When I was skinny, I hated myself, I thought I was ugly and worthless. When I was (and became again) fat, I hated myself, I thought I was ugly and worthless. Believing that no one can ever be attracted to me stayed with me my whole life, till recently. My mirror was my worst enemy for over a decade, food was my beloved and my foe – rolled into one, it wasn’t until I switched perspectives did I start to accept myself.
I’m writing this because earlier today, my bestfriend and I were having coffee, I asked her to take a picture of me, she took several, I chose 5 and posted them in that same moment – she just looked at me. She said: “Fadila, how can you not feel self conscious? I can’t just take a picture and post it in that same second”. I’ve come a long way from the girl who self depreciated when talking to everyone and especially herself. Being fat is a curse in this society, but I own it, I fight for it, I’d rather be mentally/emotionally okay than be physically okay and mentally/emotionally fucked. Been there, done that, it sucks, big time. I’d rather be fat and face the world with myself by my side than to be skinny and “perfect” and still be forced to face the world with myself against me.
I love how soft my stomach is and how rounded my hips are, I know my ass is “too big” but I think it’s gorgeous, my thighs take up more space than they “should” but I am entitled to a space in this world, my double chin may offend many but I laugh and show it off anyway, my rolls may look “disgusting” in tank tops but I love how they hug my body and make me feel stunning. I’ve got enough stretchmarks and scars to map out my whole body, but I’ve never been ashamed of them, stretch marks litter my arms, tummy, and thighs while scars run through my side.
I don’t care if you think I’m ugly, because I think I’m beautiful, I think I’m gorgeous, I think I’m worthy of respect and compassion, and I am adamant in my belief that I am lovable. You don’t have to see it, what matters is that I do. I know I’m intelligent and smart mouthed, I know I’m witty and strong-willed, I know how utterly powerful I am. I am glory personified, I am the entire universe in flesh and blood, I am everything I wanted to be and not nearly enough. My outer shell is just as incredible as my inner self. I reek of love and I am so unapologetic if this offends you, I’m even more so if it means I am independent of you. I don’t need you to tell me red lipstick looks good on me, I know it does. I don’t need you to tell me my curves are to die for, I know they are. Yes, I have moments where I weaken, but I’ve built strong foundations for myself, made of iron and fire, blood and tears and sweat, I may shake but I’ll never crumble, never again.

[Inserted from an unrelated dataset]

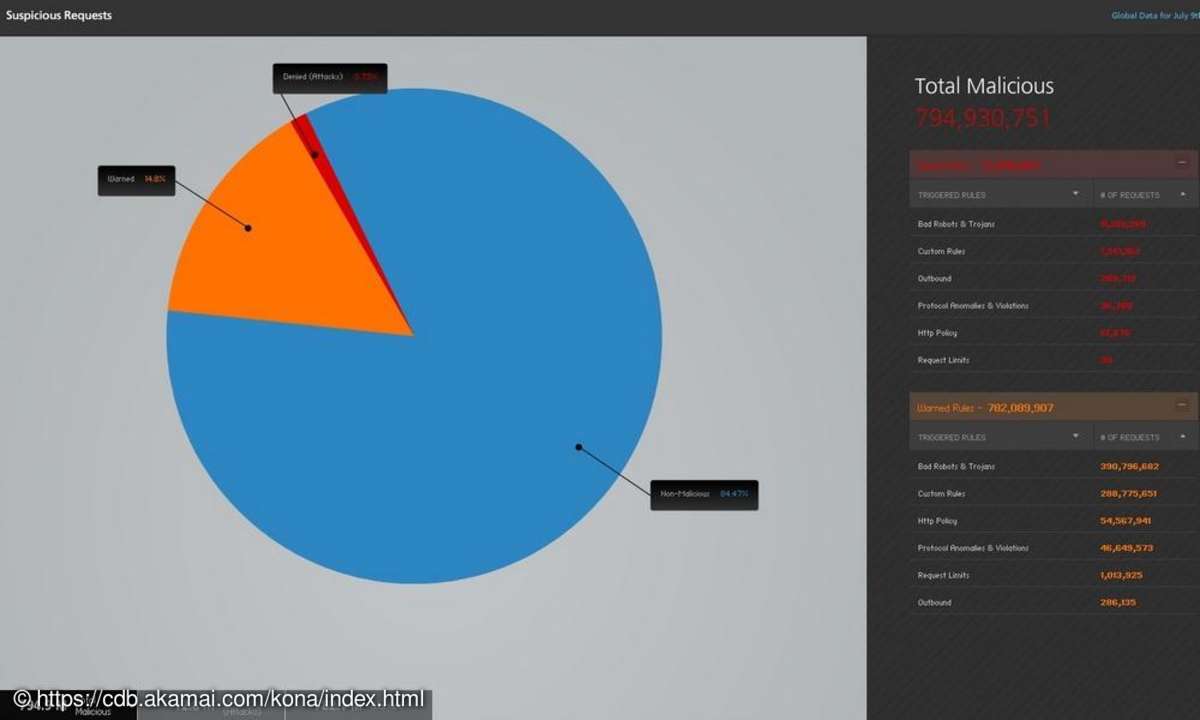Akamai Kona Security Dashboard Screenshot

So what if I’m soft on the outside? So what if I take up space? So what if my eyes crinkle and disappear when I laugh? So what if I still eat pasta and pizza but also salad? So what if I’m a little jagged and sharp edged and brutal? I am a woman. I was born a fighter, I bleed every month in honor of the moon, in mourning of life lost. I was born warrior and caregiver, fiercely protective of what I own, I can tear down kingdoms and build empires in their stead. I am daughter and mother and sister and lover, I am the life giver, I am the universe’s greatest blessings and biggest threat. The day I was born, fat or not, beautiful or not, accepted or not, I was born woman, do you have any idea how much power I own?

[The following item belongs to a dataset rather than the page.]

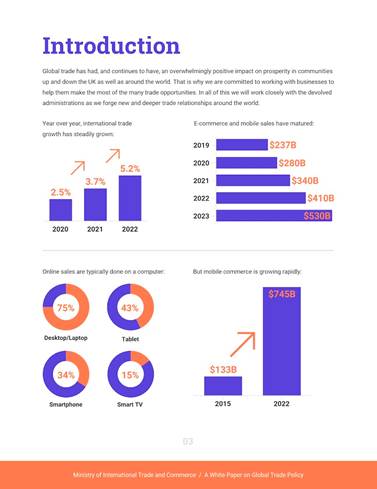 Highlight facts in a whitepaper
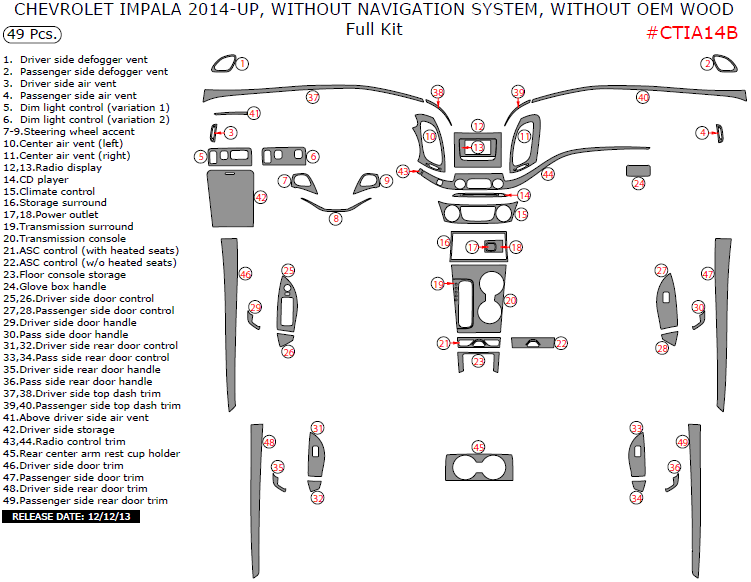 Chevrolet Impala 2014, 2015, 2016, 2017, 2018, 2019, 2020 Without Navigation System, Without OEM Wood, Full Interior Kit, 49 Pcs. dash trim kits options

Let this be a lesson to you girls. Self acceptance is not overnight, self love is not overnight, god knows I’ve got marks mapping my body that prove that, I’ve got trauma and mental illness that prove that, I’ve got rage and hurt and pain that prove that. Never give up. Don’t you dare give up. It is a road of fear and rejection and jealousy, but it is the most freeing thing in the world, I have never been more liberated. Take a deep breath, and stop talking shit to yourself. You are more incredible than you ever realize, walk with pride, walk with purpose, burn the world down around you if it means becoming the person you are meant to be, the woman you are meant to be. Break the chains of shame that twist around your throat and all the way to your feet, if you believe they are made of iron you will never be free, but if you believe they are made of straw, it will only take a moment of strength before you’re breathing, to find yourself, to create yourself.
Quit disguising fat shaming as health concerns.
Bind together instead of hating on each other.
Let go of comparing yourself to others, let go of jealousy.
Take a deep breath, you’re beautiful.
Stop letting others force you to see yourself through their jaded eyes.
Walk with pride, walk with purpose, walk with confidence.
Stop fearing your own power.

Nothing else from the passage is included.